[EXERCISE OBJECTIVE] What follows is a listing; restate every line of it word for word.

[DATASET EXCERPT]

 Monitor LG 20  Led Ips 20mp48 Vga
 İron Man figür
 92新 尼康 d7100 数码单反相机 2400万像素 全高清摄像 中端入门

[TASK SOLUTION]
 Monitor LG 20  Led Ips 20mp48 Vga
 İron Man figür
 92新 尼康 d7100 数码单反相机 2400万像素 全高清摄像 中端入门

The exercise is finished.